--- Input for this task Enclosed Below ---

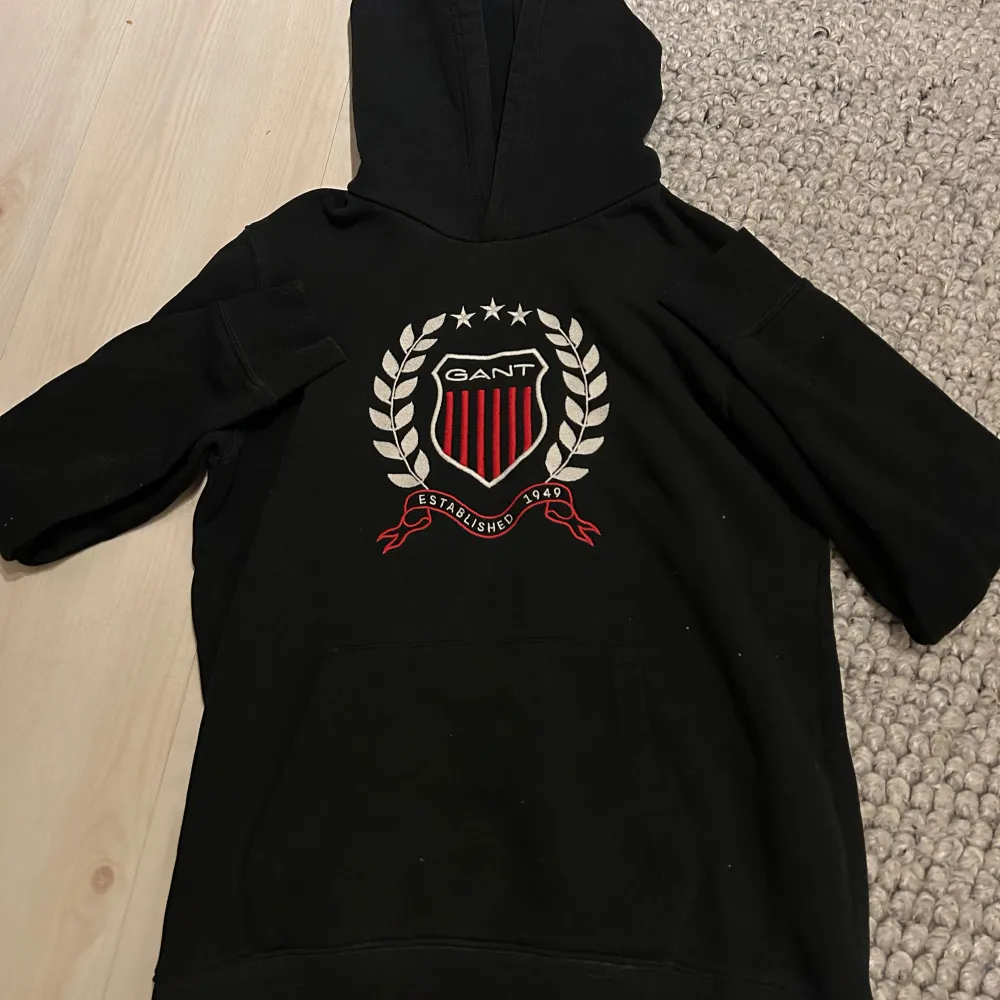 Säljer en snygg svart gant hoodie som är för liten för mig. Den har ett snyggt gant märke mitt på tröjan. Den är köpt för 1200 men jag säljer den för 300 men priset kan diskuteras.. Hoodies.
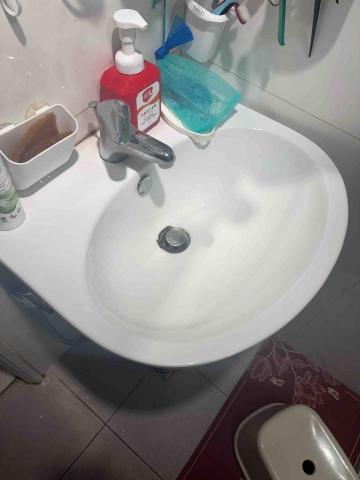 時尚機電修繕行 - 臉盆水龍頭安裝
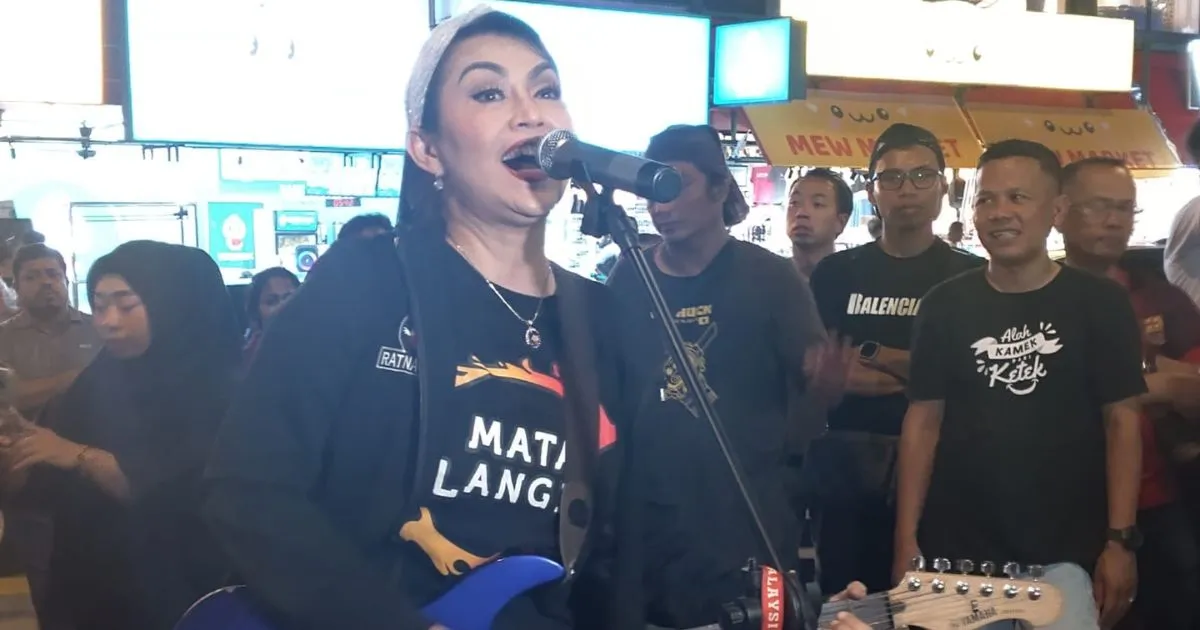 Ratna Listy Kehilangan Koper di Pesawat, Tetap Diserbu Penggemar saat Promo Single di Malaysia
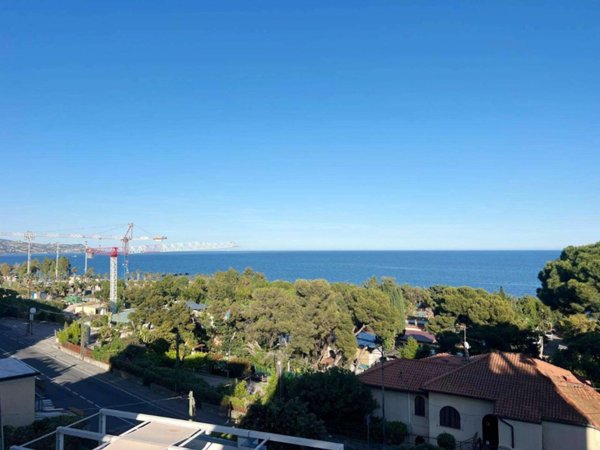 appartamento in vendita a Sanremo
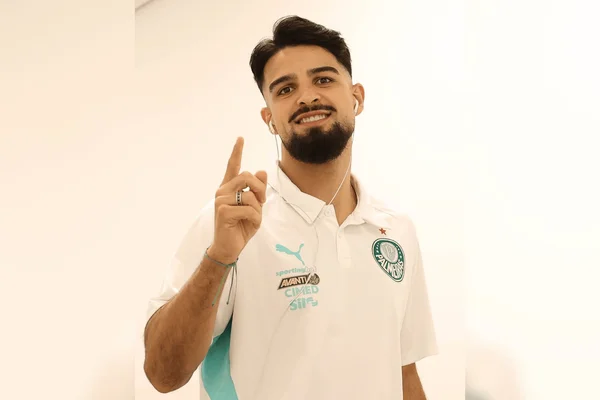 Flaco López, do Palmeiras, completou 200 jogos pelo clube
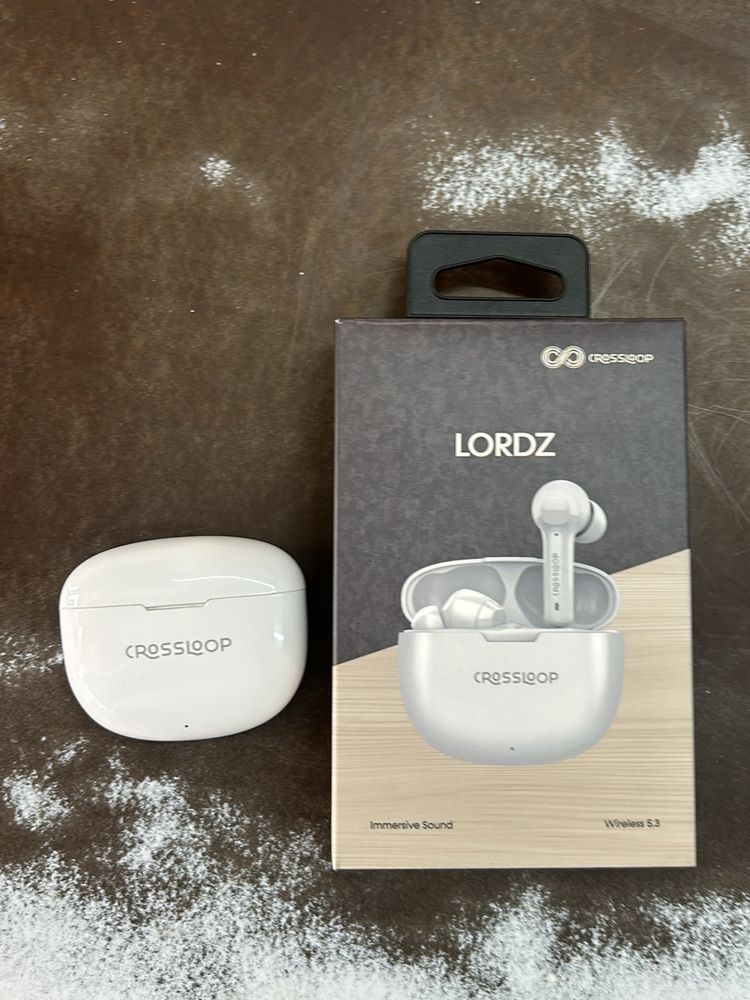 Crossloop Wireless Earphones Brand New Only Box Op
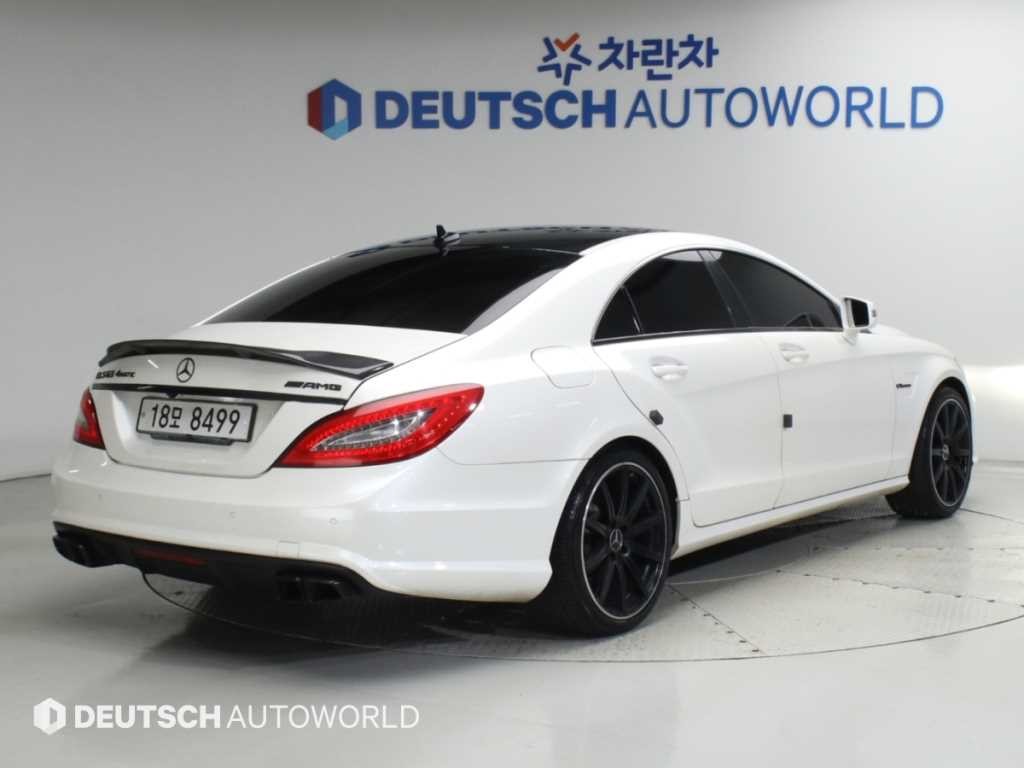 벤츠 CLS 클래스 CLS클래스 W218 CLS 63 AMG 4MATIC 이미지 2
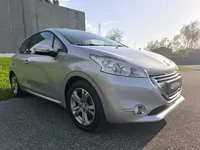 Peugeot-208 detalhes 1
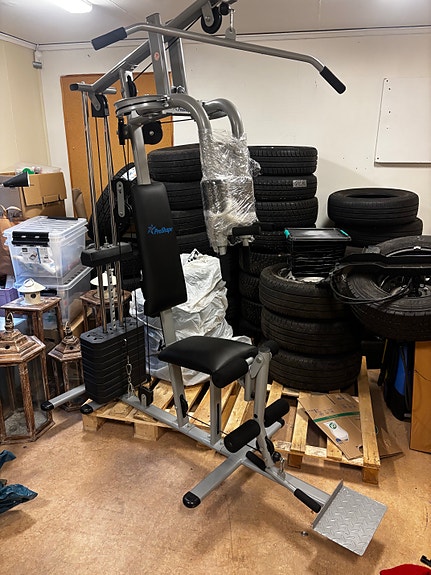 Gymutrustning från proshape + manuellt löpband
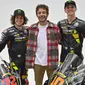 Valentino Rossi (tengah) bersama dua pembalap tim Mooney VR46 Racing Team di MotoGP 2023. (Twitter/Mooney VR46 Racing Team)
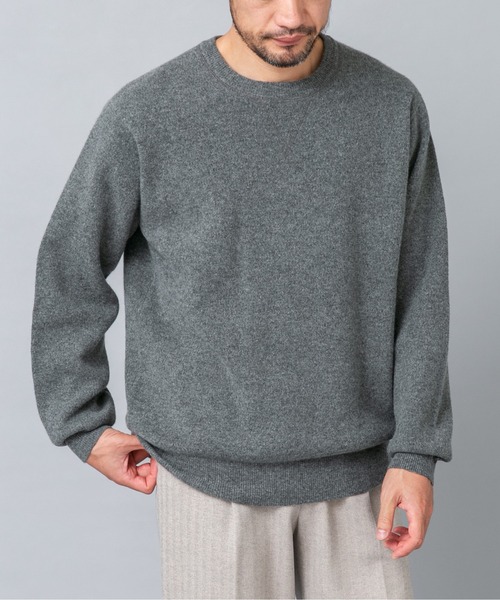 URBAN RESEARCH ROSSO MEN（アーバンリサーチロッソメン）の「ハミルトンラムズウールスムースニットスウェット（ニット/セーター・メンズ・ブラック/グレー/チャコールグレー/ミント/ベージュ系その他・LARGE/X-LARGE/MEDIUM）」の12枚目の写真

--- End of Enclosed Input for this task ---

Repeat each entry above exactly. Omit the pictures.

## [Exercise response]
 Säljer en snygg svart gant hoodie som är för liten för mig. Den har ett snyggt gant märke mitt på tröjan. Den är köpt för 1200 men jag säljer den för 300 men priset kan diskuteras.. Hoodies.
 時尚機電修繕行 - 臉盆水龍頭安裝
 Ratna Listy Kehilangan Koper di Pesawat, Tetap Diserbu Penggemar saat Promo Single di Malaysia
 appartamento in vendita a Sanremo
 Flaco López, do Palmeiras, completou 200 jogos pelo clube
 Crossloop Wireless Earphones Brand New Only Box Op
 벤츠 CLS 클래스 CLS클래스 W218 CLS 63 AMG 4MATIC 이미지 2
 Peugeot-208 detalhes 1
 Gymutrustning från proshape + manuellt löpband
 Valentino Rossi (tengah) bersama dua pembalap tim Mooney VR46 Racing Team di MotoGP 2023. (Twitter/Mooney VR46 Racing Team)
 URBAN RESEARCH ROSSO MEN（アーバンリサーチロッソメン）の「ハミルトンラムズウールスムースニットスウェット（ニット/セーター・メンズ・ブラック/グレー/チャコールグレー/ミント/ベージュ系その他・LARGE/X-LARGE/MEDIUM）」の12枚目の写真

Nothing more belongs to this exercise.